Tuesday, April 20, 2010
Mass Incarceration in Nevada Is a Failed Strategy/SB398
Nevada Prison Commissioners Meeting, April 20, 2010
My name is Dahn Shaulis. I am an instructor at the College of Southern Nevada, a former Nevada correctional employee, and an attender of the Las Vegas Friends Worship Group—the Quakers.
My purpose for being here again is to discuss Nevada’s justice options for the future. In discussing these options, we need to examine where we are and were we have come from in terms of justice and prisons. When I speak of justice it’s about a justice much broader than many people perceive.
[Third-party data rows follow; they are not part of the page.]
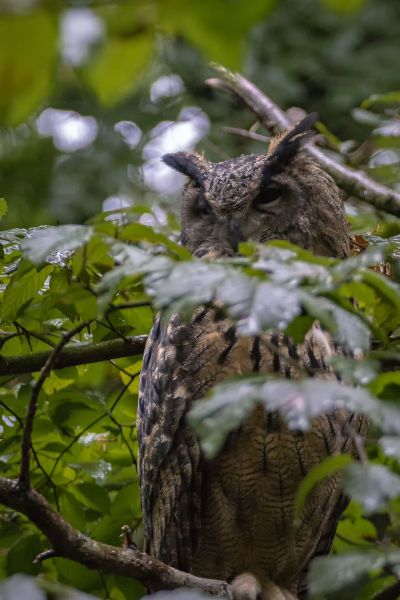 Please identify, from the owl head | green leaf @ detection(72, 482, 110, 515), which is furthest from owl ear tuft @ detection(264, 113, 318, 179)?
green leaf @ detection(72, 482, 110, 515)

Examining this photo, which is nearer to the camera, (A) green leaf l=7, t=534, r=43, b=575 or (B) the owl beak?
(A) green leaf l=7, t=534, r=43, b=575

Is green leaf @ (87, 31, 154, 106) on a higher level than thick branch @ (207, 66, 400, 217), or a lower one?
higher

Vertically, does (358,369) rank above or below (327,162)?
above

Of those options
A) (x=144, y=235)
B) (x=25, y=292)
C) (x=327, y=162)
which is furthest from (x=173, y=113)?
(x=144, y=235)

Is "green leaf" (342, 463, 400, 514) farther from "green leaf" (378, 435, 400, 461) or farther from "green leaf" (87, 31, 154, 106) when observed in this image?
"green leaf" (87, 31, 154, 106)

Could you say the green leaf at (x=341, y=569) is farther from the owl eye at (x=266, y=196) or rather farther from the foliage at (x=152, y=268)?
the owl eye at (x=266, y=196)

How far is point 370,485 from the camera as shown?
97cm

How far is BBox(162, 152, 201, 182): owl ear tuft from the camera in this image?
2.85 m

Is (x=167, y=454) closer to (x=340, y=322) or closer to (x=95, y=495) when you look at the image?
(x=95, y=495)

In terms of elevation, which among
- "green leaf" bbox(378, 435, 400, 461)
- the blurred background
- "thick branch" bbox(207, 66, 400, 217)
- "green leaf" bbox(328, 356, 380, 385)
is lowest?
the blurred background

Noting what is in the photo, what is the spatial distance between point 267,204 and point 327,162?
0.22m

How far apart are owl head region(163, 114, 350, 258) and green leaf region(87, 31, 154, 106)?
1859 mm

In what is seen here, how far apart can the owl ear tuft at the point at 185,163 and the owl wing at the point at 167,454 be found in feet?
1.94

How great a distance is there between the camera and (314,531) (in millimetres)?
2576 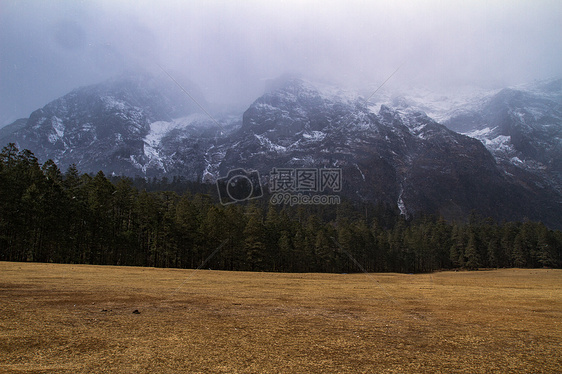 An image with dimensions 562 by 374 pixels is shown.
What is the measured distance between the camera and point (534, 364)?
955 centimetres

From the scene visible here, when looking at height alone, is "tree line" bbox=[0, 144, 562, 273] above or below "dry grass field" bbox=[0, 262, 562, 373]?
above

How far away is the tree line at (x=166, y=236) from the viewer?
190 ft

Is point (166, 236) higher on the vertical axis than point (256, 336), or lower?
higher

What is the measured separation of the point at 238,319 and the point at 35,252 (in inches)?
2372

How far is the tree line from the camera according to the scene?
58031mm

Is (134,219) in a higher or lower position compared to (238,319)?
higher

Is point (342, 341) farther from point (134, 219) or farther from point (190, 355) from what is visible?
point (134, 219)

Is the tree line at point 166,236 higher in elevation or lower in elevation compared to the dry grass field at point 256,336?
higher

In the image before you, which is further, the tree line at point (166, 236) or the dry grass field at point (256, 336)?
the tree line at point (166, 236)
The State of Nevada is in crisis, socially, economically, and spiritually. Unemployment in Nevada has been in the double digits for months and has approached 14%. For people of color and the working-class, their struggles for opportunities, including decent and humane housing, education, employment and justice have taken longer. Nevada’s unemployment rate for African Americans is estimated at 20%, but that does not even include discouraged workers and those part-time workers who are seeking full-time work. Unemployment rates for Latinos are not much better and I suspect rates for indigenous peoples are also above the average.
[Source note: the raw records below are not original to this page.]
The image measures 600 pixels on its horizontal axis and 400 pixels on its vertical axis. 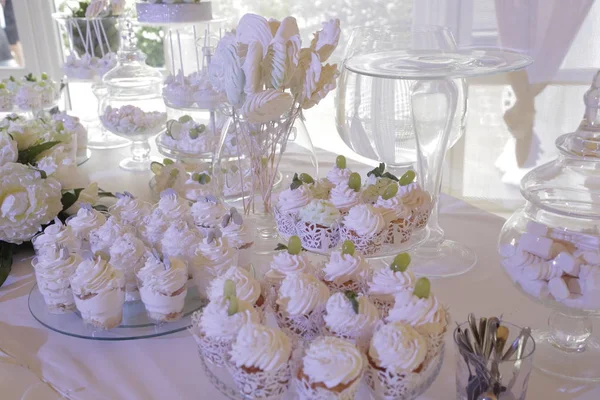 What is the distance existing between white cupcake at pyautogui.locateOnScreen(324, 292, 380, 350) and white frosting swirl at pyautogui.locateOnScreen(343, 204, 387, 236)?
0.90 feet

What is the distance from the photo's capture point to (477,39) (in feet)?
8.38

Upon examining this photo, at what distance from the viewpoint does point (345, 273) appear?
90 centimetres

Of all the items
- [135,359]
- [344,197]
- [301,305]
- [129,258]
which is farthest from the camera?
[344,197]

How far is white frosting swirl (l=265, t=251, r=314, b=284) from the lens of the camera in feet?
2.97

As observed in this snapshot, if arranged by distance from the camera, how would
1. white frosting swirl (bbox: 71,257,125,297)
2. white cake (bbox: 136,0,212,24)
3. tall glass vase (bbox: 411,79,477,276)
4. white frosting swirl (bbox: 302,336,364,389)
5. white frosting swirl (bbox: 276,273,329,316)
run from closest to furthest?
white frosting swirl (bbox: 302,336,364,389)
white frosting swirl (bbox: 276,273,329,316)
white frosting swirl (bbox: 71,257,125,297)
tall glass vase (bbox: 411,79,477,276)
white cake (bbox: 136,0,212,24)

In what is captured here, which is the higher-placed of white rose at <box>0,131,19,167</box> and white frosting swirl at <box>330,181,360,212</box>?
white rose at <box>0,131,19,167</box>

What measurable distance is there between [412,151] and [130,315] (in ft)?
2.67

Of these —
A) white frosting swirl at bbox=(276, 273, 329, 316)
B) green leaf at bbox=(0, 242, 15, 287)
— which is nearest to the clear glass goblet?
white frosting swirl at bbox=(276, 273, 329, 316)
As I mentioned at the January 2010 Prison Board meeting, Nevada has heavily invested in a Prison-Industrial Complex (PIC) for more than four decades. Prison expansion began in the mid-1960s and has continued into the 21st century. Since the 1970s, the State has also chosen to mass incarcerate youth, giving NDOC more potential recruits for prison. Even as index crime rates began to drop in this State in the early 1980s, Nevada continued on the path of mass incarceration. Conditions were so deplorable in Elko that the youth facility required federal oversight. Nevada has also chosen to jail and imprison many women, rather than find alternatives to incarceration or to remedy the situation by understanding the etiology of crime.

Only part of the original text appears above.